But why has the private credit market developed so strongly in recent years? The global economic crisis in 2007 proved to be a period of high market volatility for the syndicated loan market. In the subsequent economic recovery, this market expanded as larger companies without an investment grade rating looked for ways to meet their need for capital. For smaller companies, however, obtaining this type of financing from low-capital banks was not an option. As a result, private corporate loans developed as an alternative source of financing.

Size of the institutional leveraged loan market

Size of the institutional leveraged loan market

Source: Credit Suisse, S&P LCD
Last data point: July 31, 2022

All data was obtained from publicly available information, internally developed data, and other third-party sources deemed reliable. Credit Suisse has not attempted to independently verify information from public and third-party sources and makes no representation or warranty as regards the accuracy, completeness, or reliability of such information.

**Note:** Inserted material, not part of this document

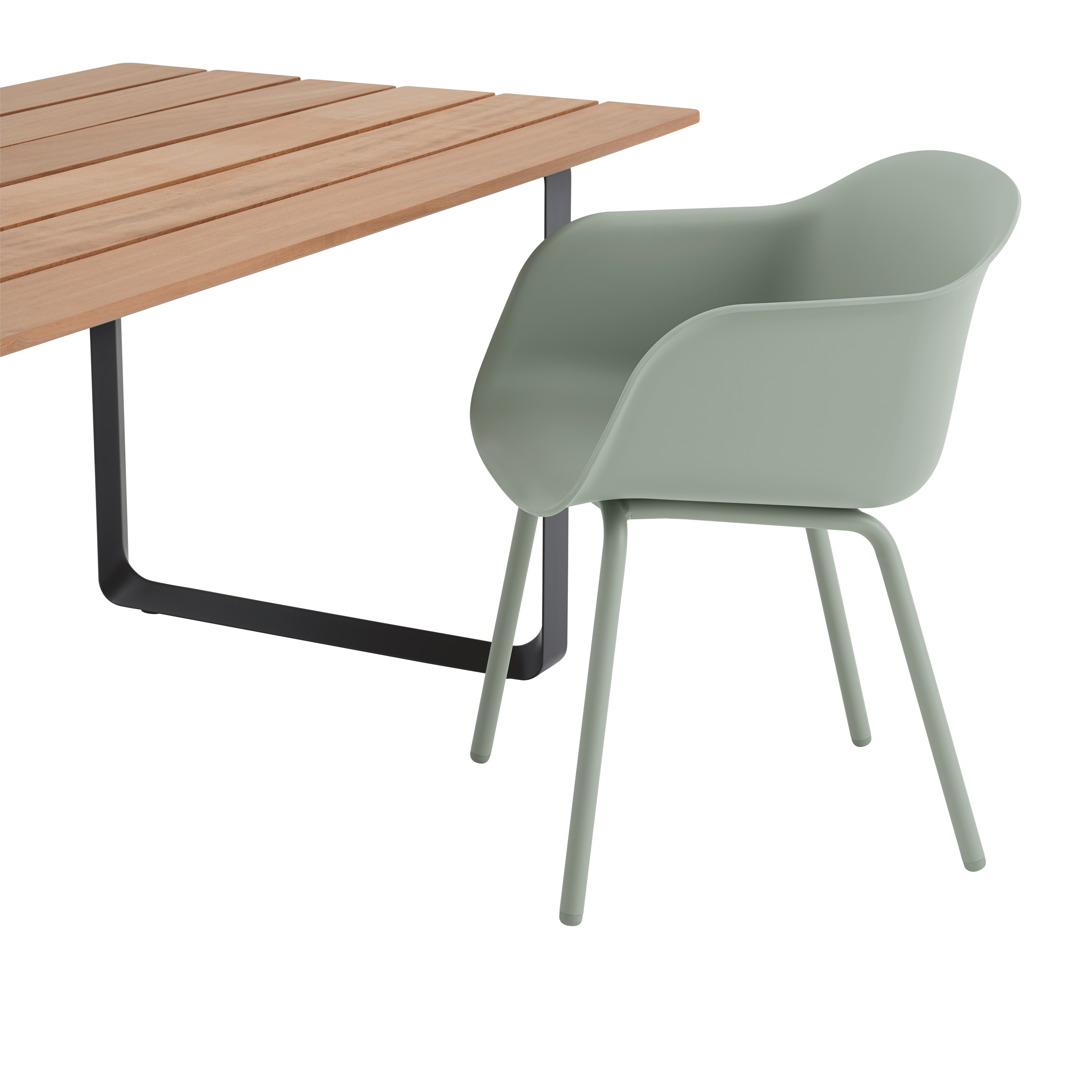 Outdoor Armchair FIBER Dirty Green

The convergence of private and public debt markets driven by these developments continued with the slump in energy prices in 2015. Energy companies faced declining investor interest. The increasing difficulty in issuing first-lien and second-lien debt securities prompted borrowers and their sponsors to place them with private lenders. From then on, private loans became firmly established, particularly for second-lien and mezzanine financing.

Private debt is likely to remain attractive

In addition, private loans are extremely appealing for both lenders and investors. Compared to syndicated loans, they make it possible to lock in capital and access funds thus allowing private lenders to assess the risk over different cycles. This locked-in capital offers stability because there is no outflow of capital. Furthermore, risk can be priced in during periods of market volatility and periods of borrower-friendly markets. This can be a promising opportunity for institutions such as pension funds and foundations that seek to take advantage of the illiquidity premiums and have a sufficient capital base to tie up capital.

In addition, a smaller group of lenders means better control and a smoother process during underwriting. Better access to due diligence and fast execution are also ensured. Furthermore, funds providing direct loans offer the possibility to negotiate attractive key terms and prices due to the direct relationship between lenders and borrowers.

Given these characteristics and the continued demand from investors for improved return opportunities and stable, rapid capital to complement public markets, the trend toward the convergence of private and public debt markets is likely to be long term and thus further enhance the appeal of the private debt asset class.